Exodus 21:23-25 (CSB) “If there is an injury, then you must give life for life, eye for eye, tooth for tooth, hand for hand, foot for foot, burn for burn, bruise for bruise, wound for wound.”


As is the case with so many passages of Scripture, Exodus 21:23-25 is almost always taken out of context, misunderstood, and misapplied.

Mohandas Gandhi expressed his disdain for the principle in this verse when he said: “An eye for an eye leaves the whole world blind.”

Really? Someone who is supposedly so studious and such a deeper thinker came to such a shallow conclusion?

Let’s set the record straight. Let’s understand what God was really saying through Moses.

For starters, Exodus 21:23-25 isn’t the only time that “an eye for an eye” appears in Scripture. It also appears in Leviticus 24:19-20 and Deuteronomy 19:21.

If you will read those verses, and the chapter in which those verses appear, you will notice that they were not written to individuals. Those chapters were written for the Israelite judicial system. The “eye for an eye” principle was never intended for an individual to carry out. It was for the judicial system.

Further, we never have an instance in the Old Testament where this principle was literally carried out. Do you know why? Because it was never intended to be taken literally. Do you know what the principle of “an eye for an eye” was? It stated that the punishment inflicted upon a criminal should equal the crime.

If a man killed someone with malice and aforethought, he should not go free or be lightly punished. The “eye for an eye” principle stated that he should receive a fair punishment that is equal to his crime. Otherwise, citizens would see that crime is treated lightly and criminal behavior would grow.
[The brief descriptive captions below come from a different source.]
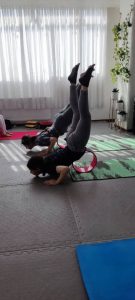 یوگا نورا آموزش یوگای مبتدی و پیشرفته و یوگای خنده و مدیتیشن در تهران عبدل آباد 5 1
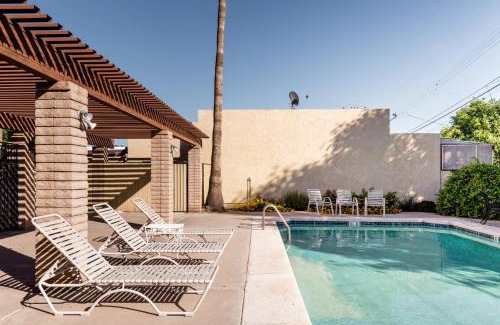 Camelback East House | Central Phoenix Townhome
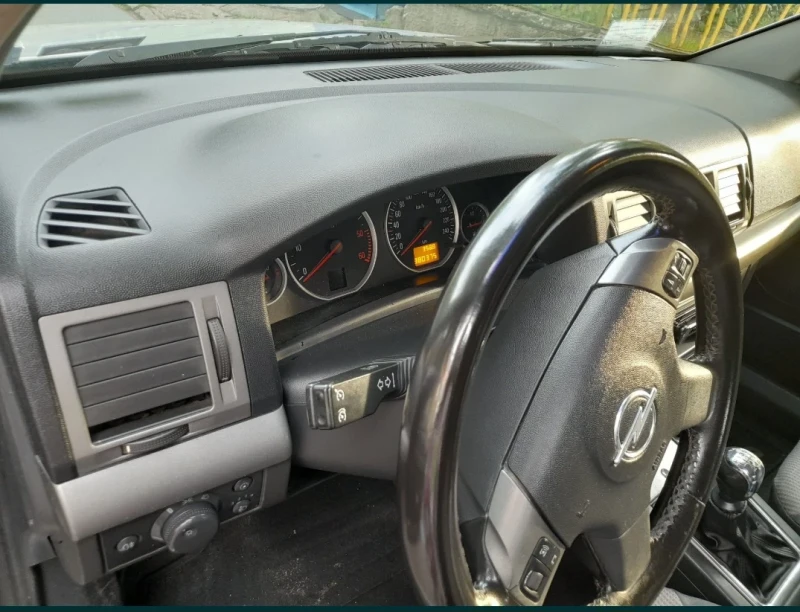 Opel Vectra C 1.9, снимка 4 - Автомобили и джипове - 48970437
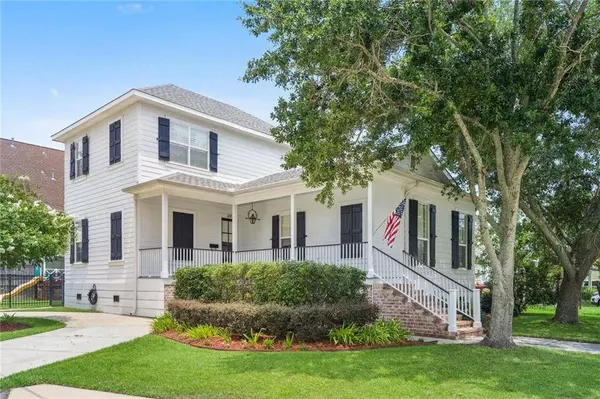 301 MAPLE RIDGE DR, Metairie, LA 70001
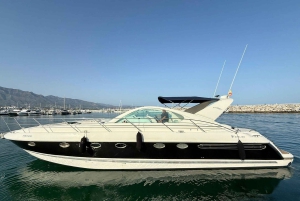 Marbella: Puesta de Sol en Yate Compartido con cava y fresas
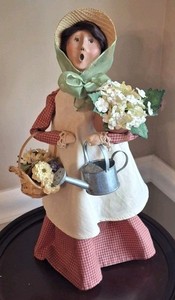 Byers Choice 2003 Spring Gardening Woman with Watering Can Pot Basket of Flowers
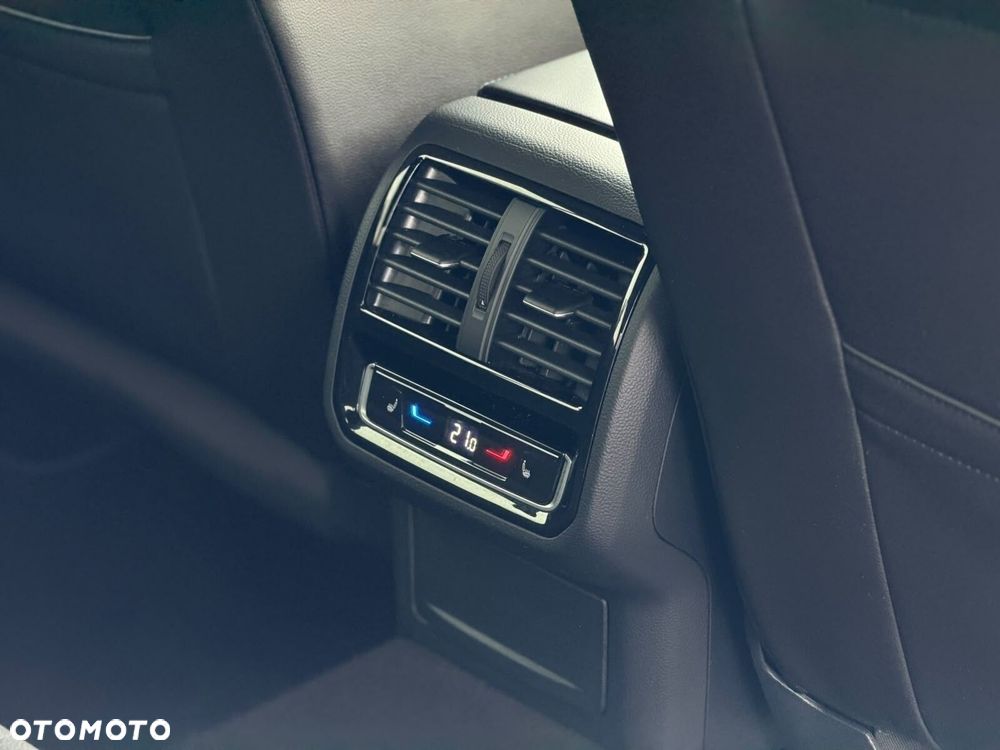 Volkswagen Arteon 2.0 TSI 4Motion R DSG - 27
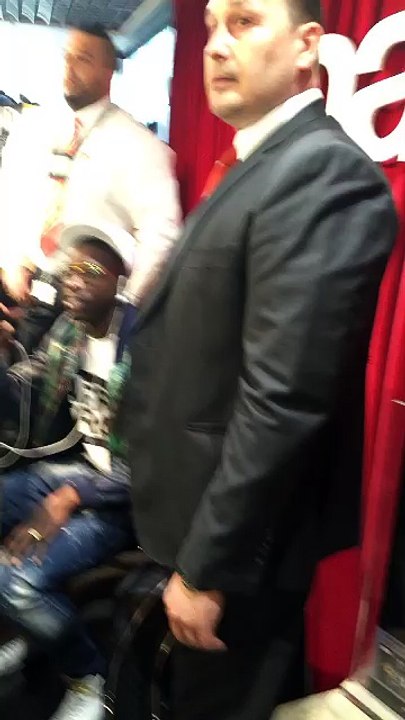 Débordements Fnac lors d'une séance de dédicaces du rappeur MHD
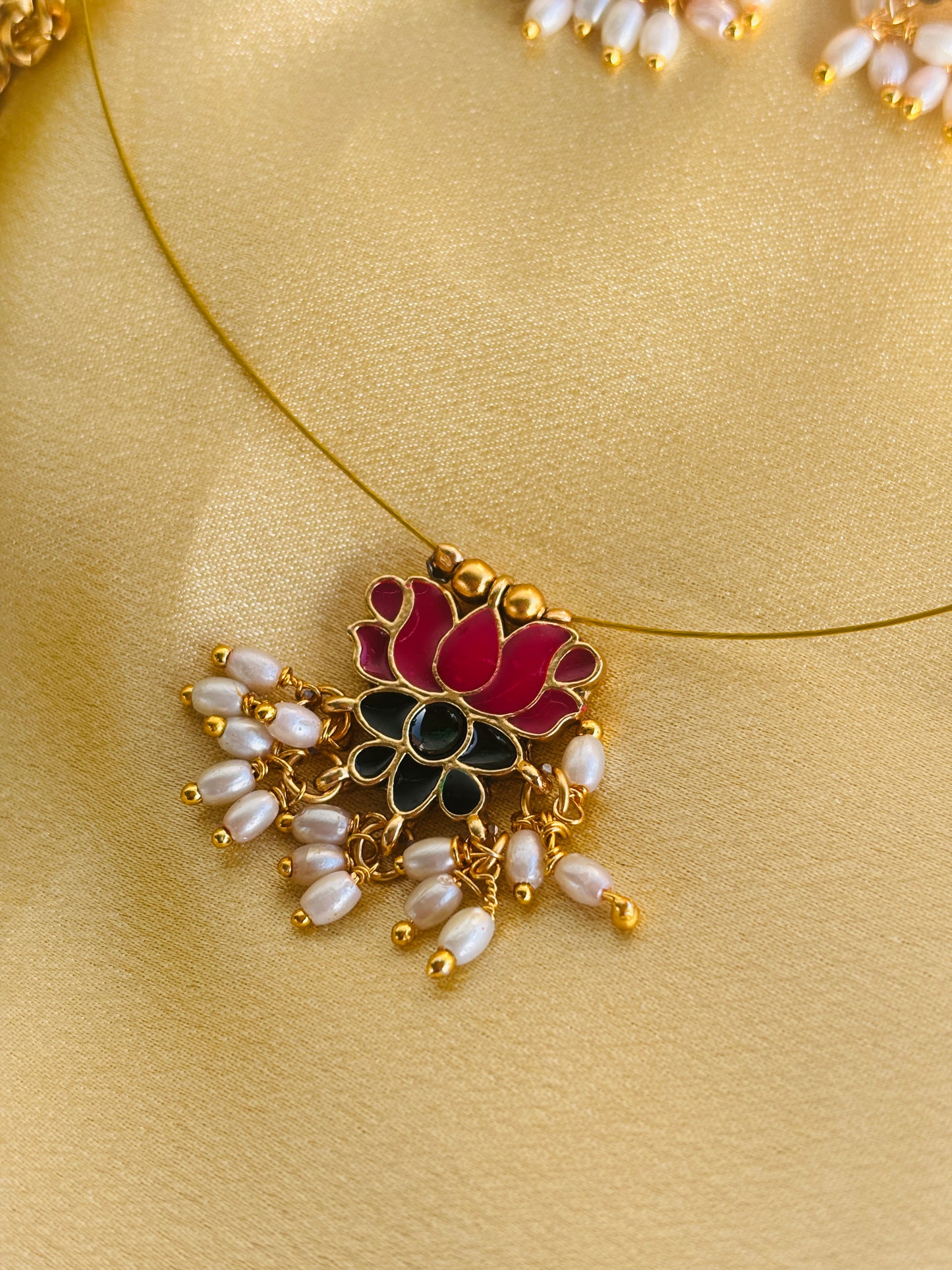 Lotus Invisible Chain Necklace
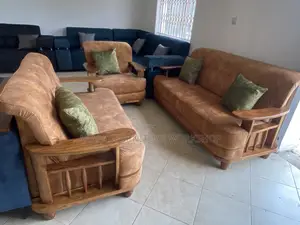 Modern Johnson Mugavu Couch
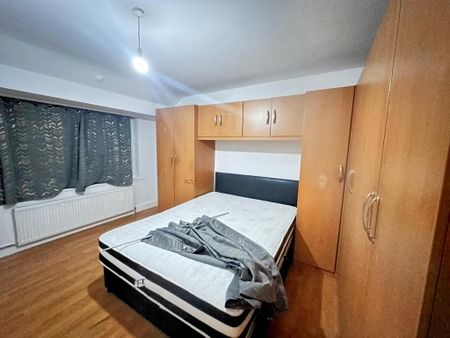 4 bedroom semi-detached house to rent - Photo 2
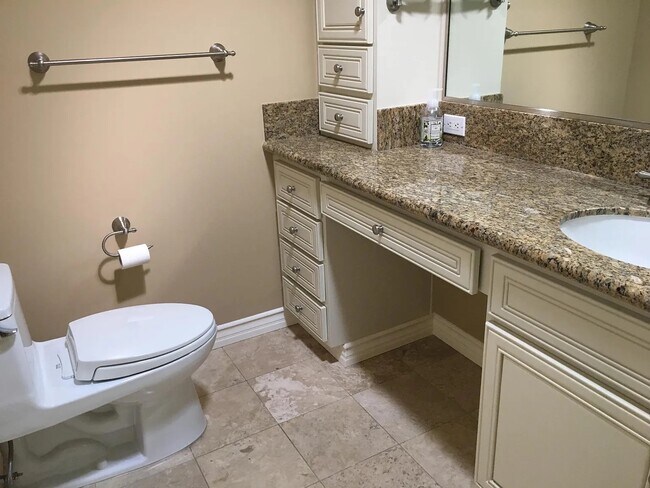 Building Photo - 126 E Arthur Ave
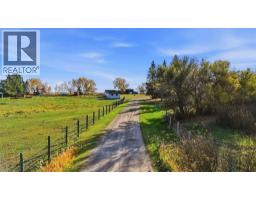 258022 112 Street E, Rural Foothills County, AB T1S3Z4 Photo 18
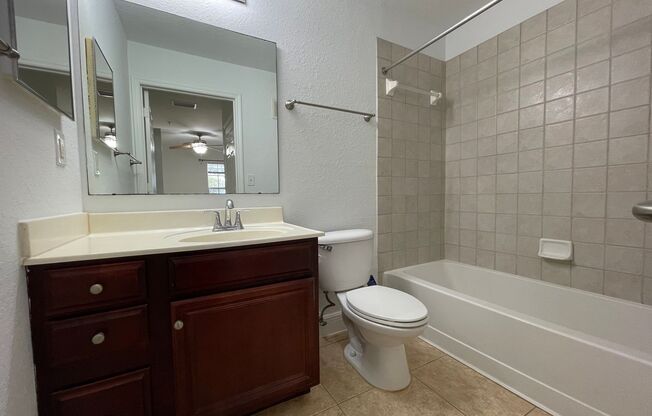 1 bed, 1 bath, $1,600, Unit # 3101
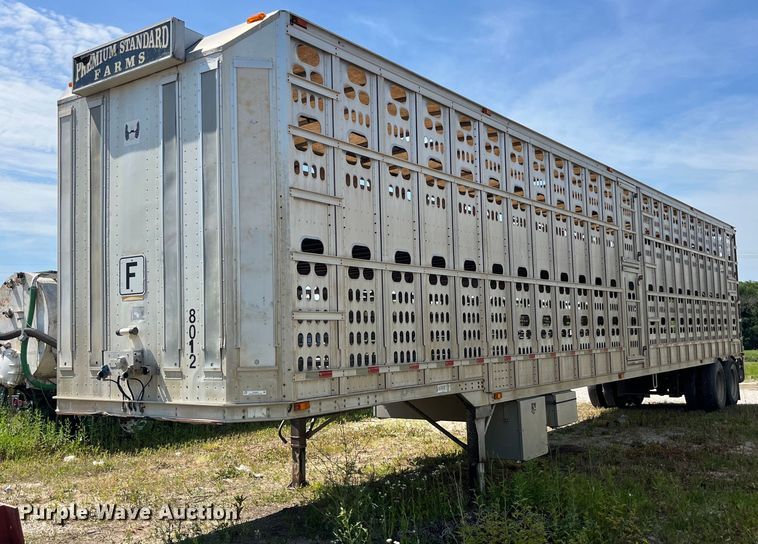 image for item EK8646 2003 Barrett livestock trailer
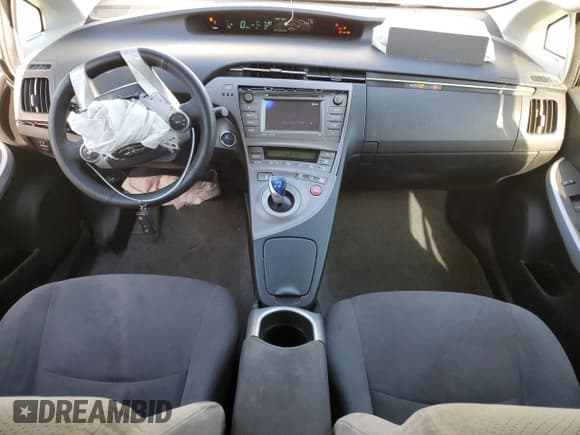 ✅ 2015 Toyota Prius Three • VIN: JTDKN3DU5F1921447 • Lot: 82403845. Listed on Copart with 238,548 mi. Free auction sales archive from the USA and detailed vehicle history report at DreamBid. Image 8.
On the other hand, if a man’s ox strayed into a neighbor’s field and caused minimal damage, the owner of the ox should be required, by the judicial system, to make amends. If the landowner, whose property was damaged, had anger management problems and wanted to kill the owner of the ox, the “eye for an eye” principle would protect the ox owner. This principle did not allow a life for minimal property damage. Instead, it insisted that the punishment should be equal to the crime.

So, we understand that the “eye for an eye” principle did not say that we should be about the business of poking each other’s eyes out. It was a principle that stated that a crime’s punishment needed to be proportional to the crime. It should not be less than or greater than the crime.

Fast-forward to the New Testament…

When Jesus walked the earth, it seems as if the Jews had come to think that the “eye for an eye” principle was not limited to the judicial system. Apparently, they came to understand that it could be carried out by individuals. Essentially, it was misunderstood and misapplied to excuse revenge.

Jesus would have not of it. In Matthew 5, He set the record straight. While we understand that government is necessary and must punish crime where it occurs (Romans 13:4), individual citizens do not have the right to inflict punishment. Just listen to how Jesus said His followers are to respond to injustice.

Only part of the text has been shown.